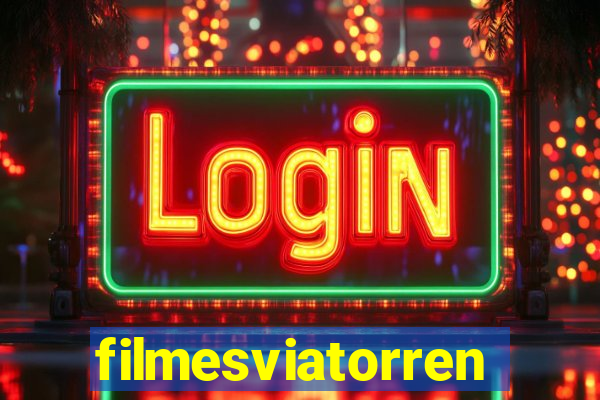 filmesviatorrent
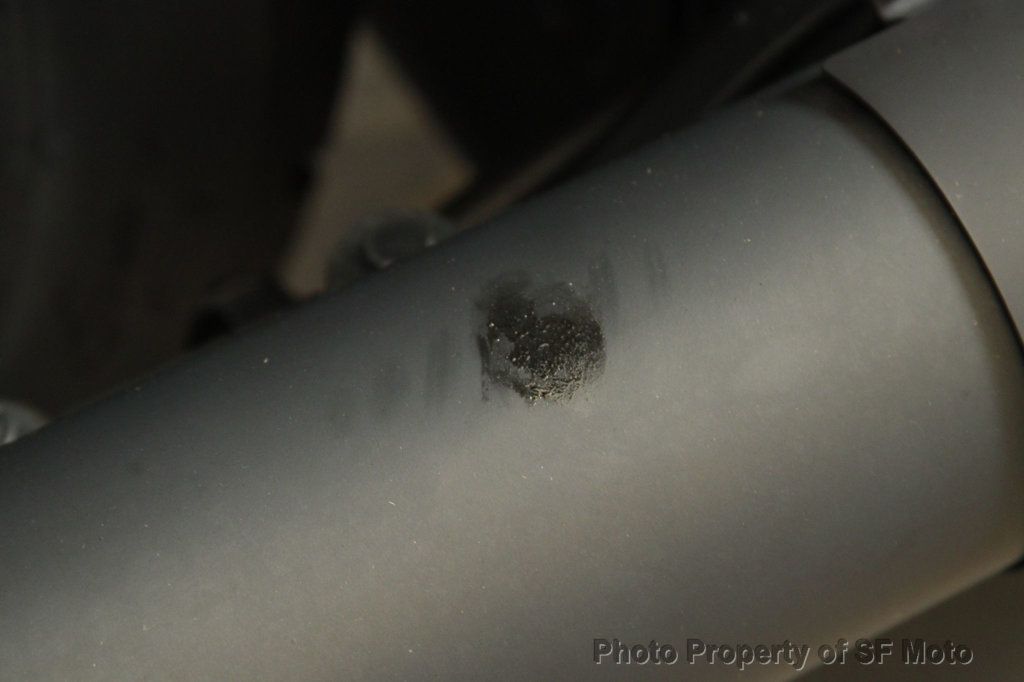 2024 Kawasaki Vulcan  900 Custom FACTORY DEMO - 22914097 - 47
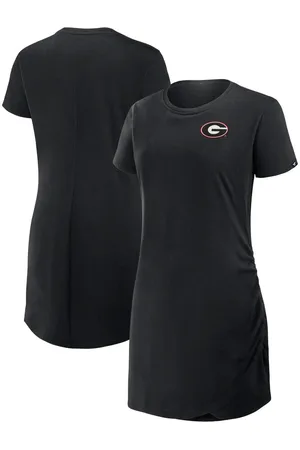 Fanatics Women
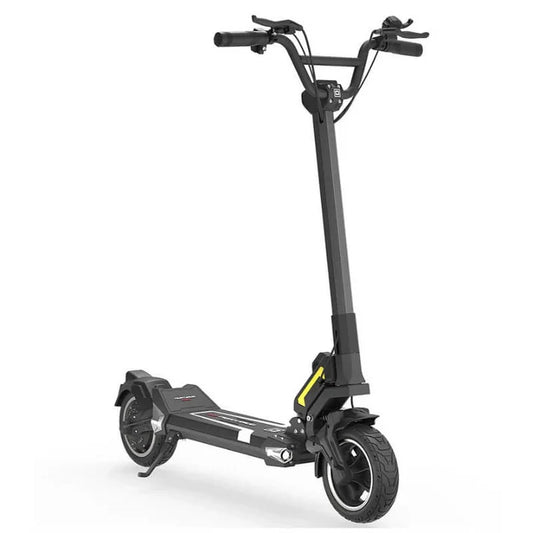 Dualtron To-Go 650W
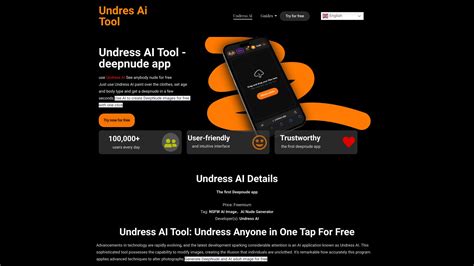 ainudes|Undresser AI: A Tool for Undressing Women in Pictures.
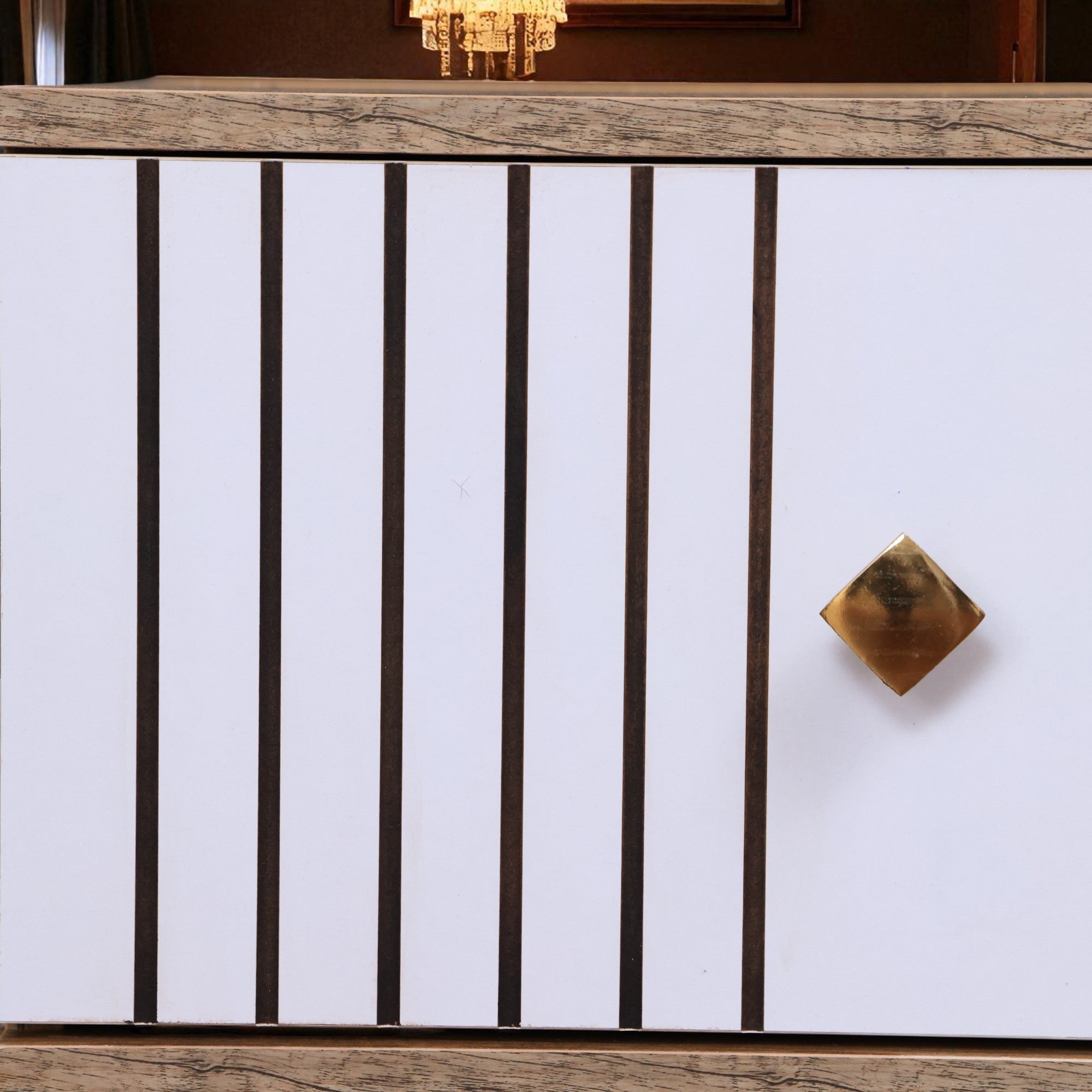 غرفة نوم اطفال 295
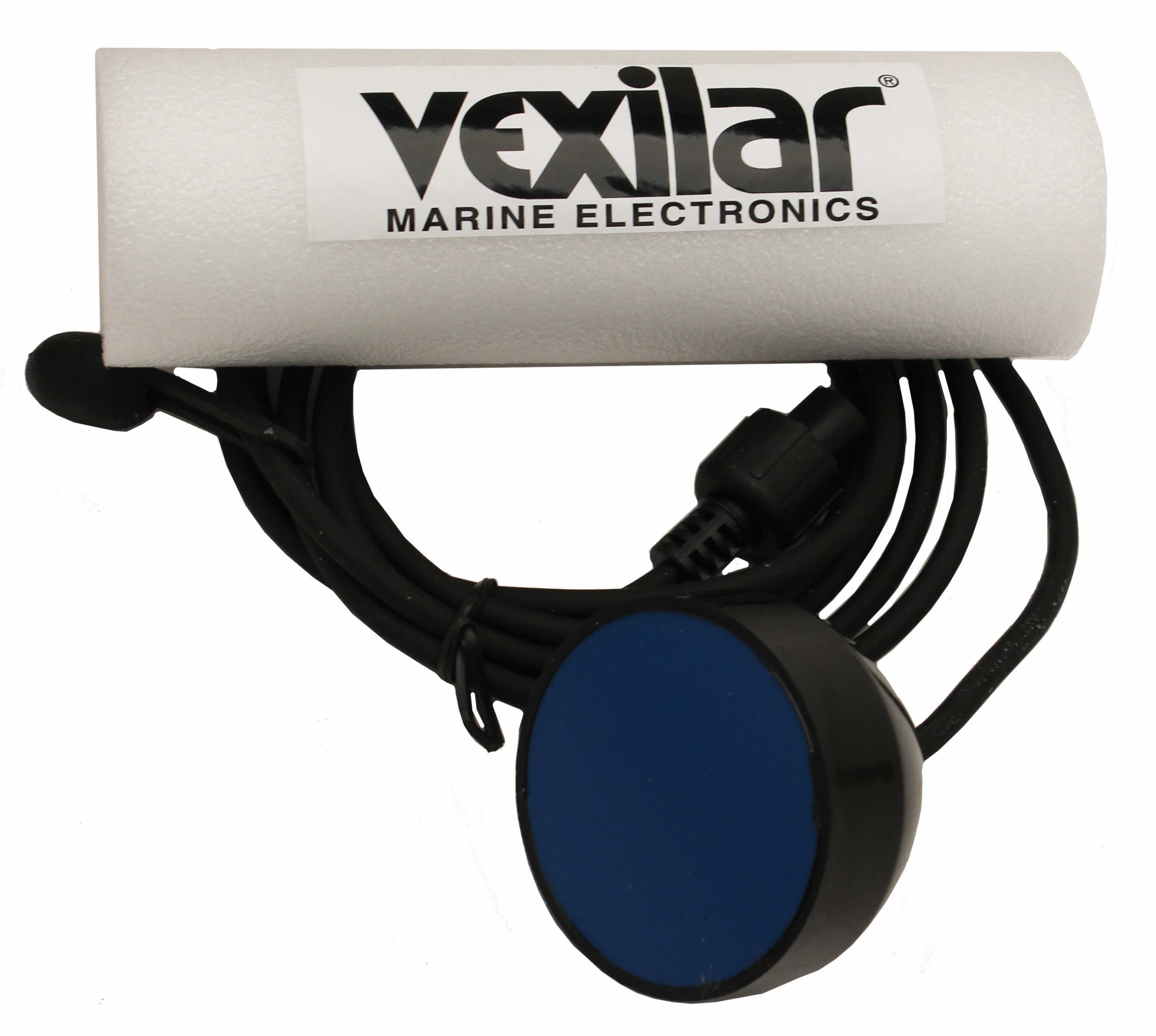 Vexilar Inc. Pro-View Ice-Ducer Transducer TB0051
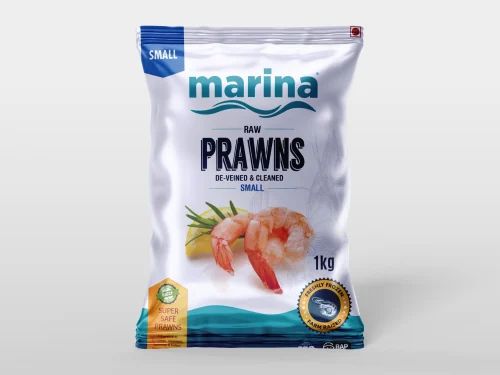 Marina Prawns 16/20
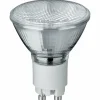 Philips Ampoule à décharge GX10 20W 40° Mastercolor CDM-R^ Lampes À Décharge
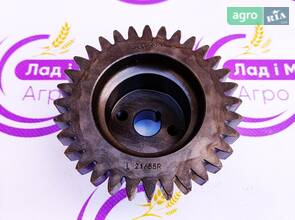 Шестерня топливного насоса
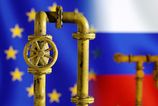 Ruska vlada sa pripravuje na rokovania o konecnom zastaveni dodavok zemneho plynu do Evropskej unie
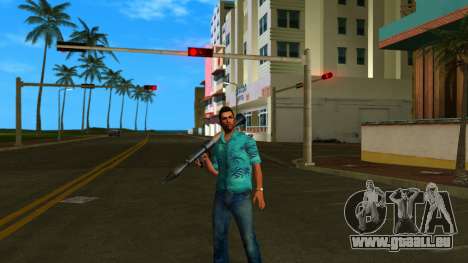 GTA 4 anim TBOGT für GTA Vice City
* * * *
Work required: What you write should match, word for word, the lines from the one containing "Шестерня топливного насоса" to the end of the listing, with both ends kept and the pictures left out.

Response:
 Шестерня топливного насоса
 Ruska vlada sa pripravuje na rokovania o konecnom zastaveni dodavok zemneho plynu do Evropskej unie
 GTA 4 anim TBOGT für GTA Vice City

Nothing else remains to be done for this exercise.